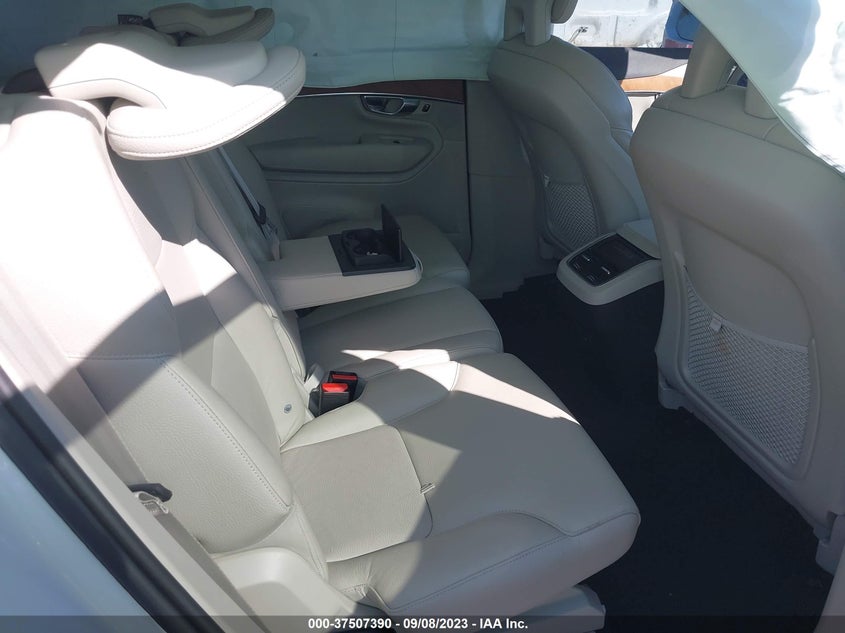 VIN YV4102CK3M1690787 2021 VOLVO XC90 MOMENTUM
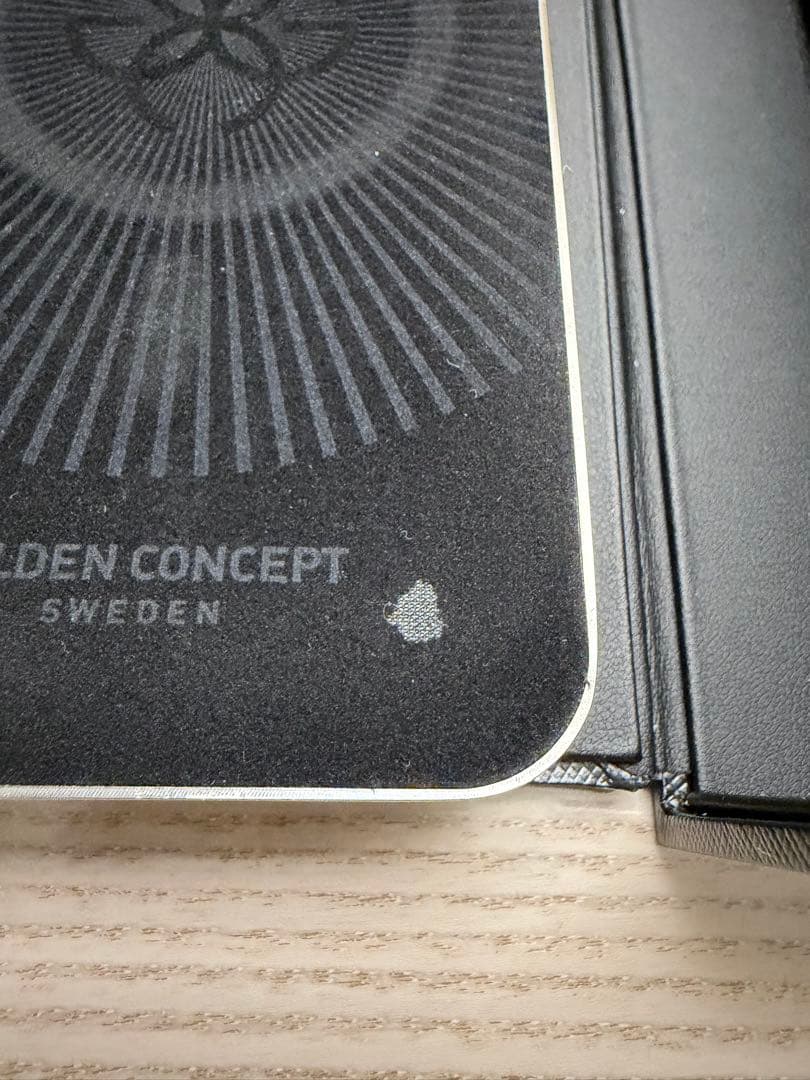 GOLDEN CONCEPT iPhone17promax用ケース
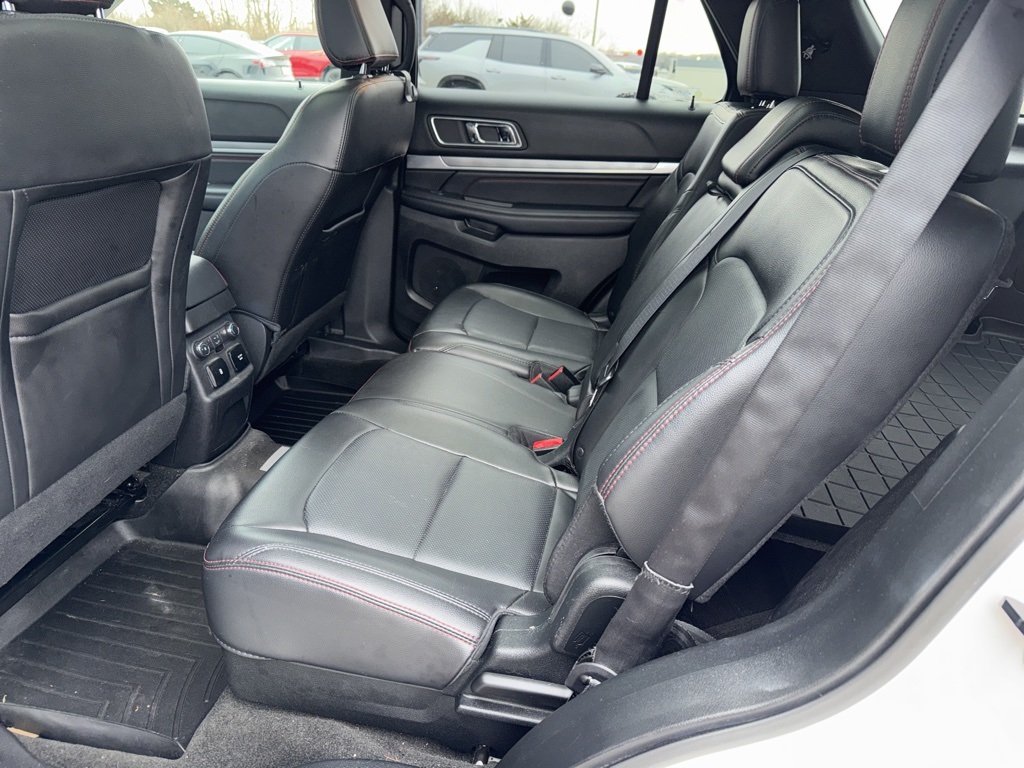 2018 Ford Explorer Sport photo 4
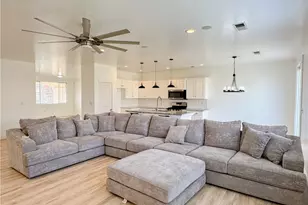 11604 Revolution Rd, Bakersfield, CA 93312 - Photo 13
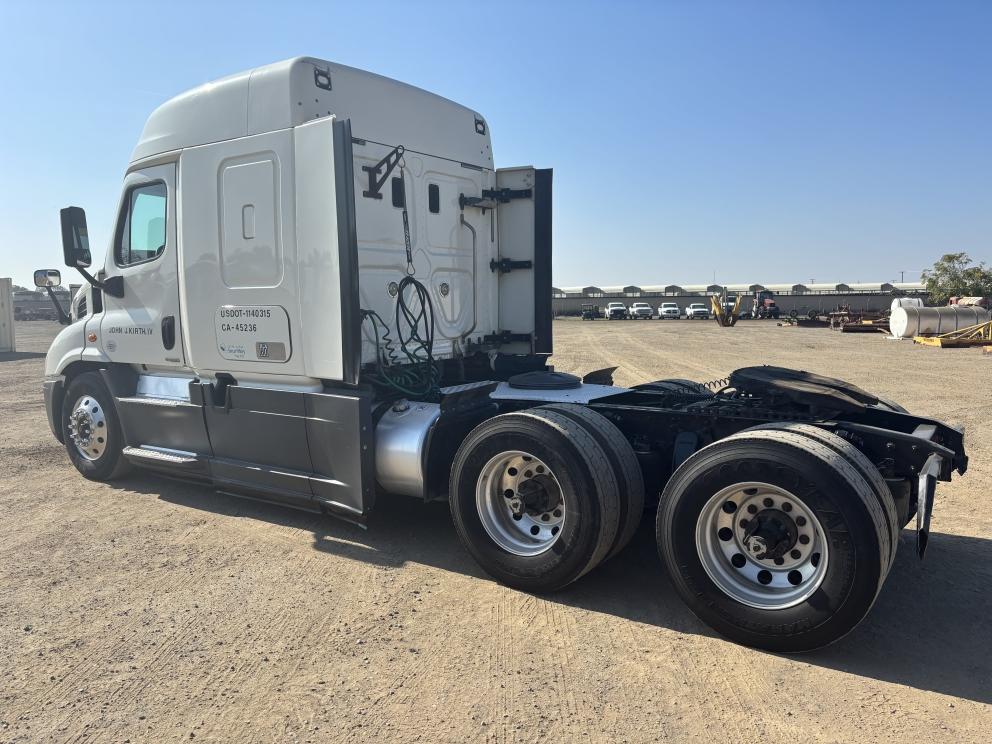 Image for 2016 Freightliner Cascadia T/A Sleeper Truck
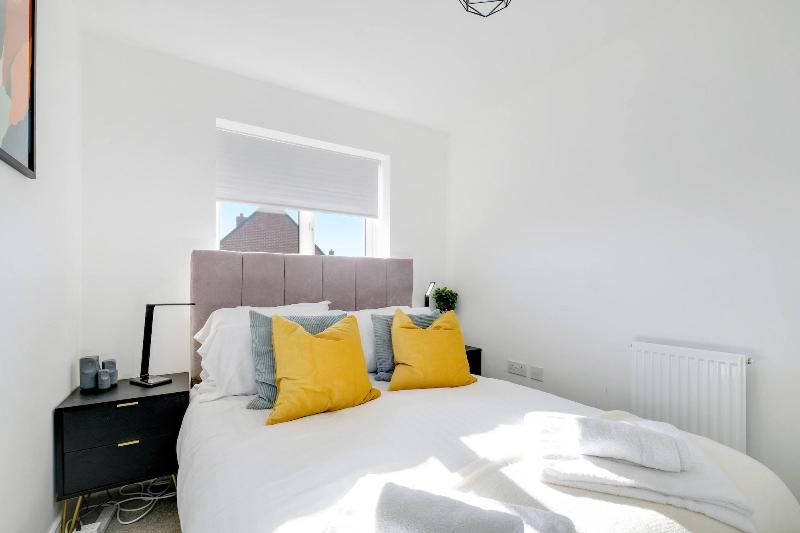 Modern 5 Bedroom 3 Bath Hse Aylesbury image
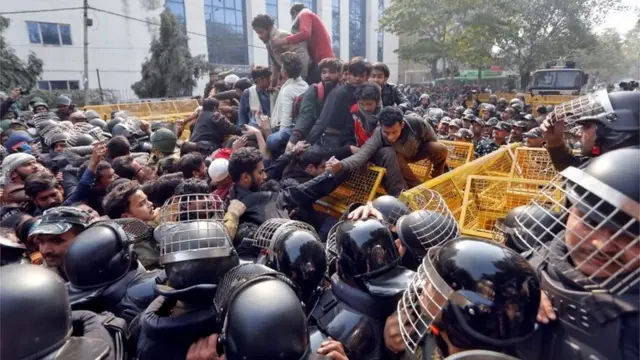 जामिया में प्रदर्शन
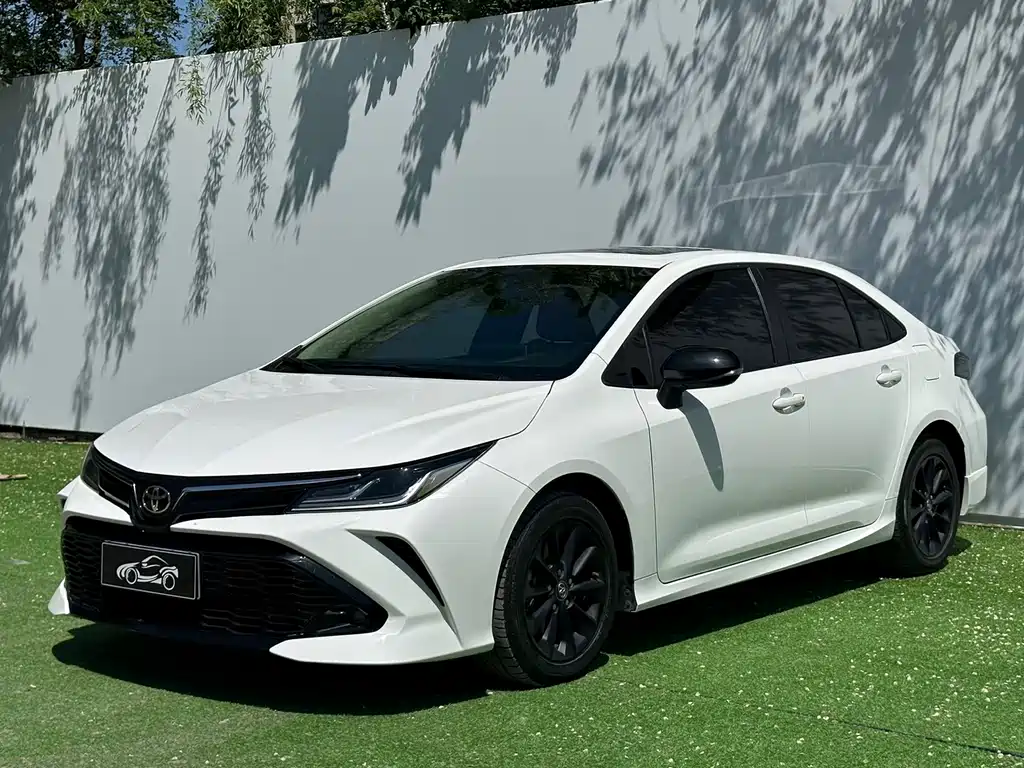 Toyota Corolla 2022 — фото 1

===

- Your objective -
Leaving the pictures aside, copy exactly and only the lines from the one holding "Modern 5 Bedroom 3 Bath Hse Aylesbury image" through the final line of the data, both ends kept.

- Task output -
 Modern 5 Bedroom 3 Bath Hse Aylesbury image
 जामिया में प्रदर्शन
 Toyota Corolla 2022 — фото 1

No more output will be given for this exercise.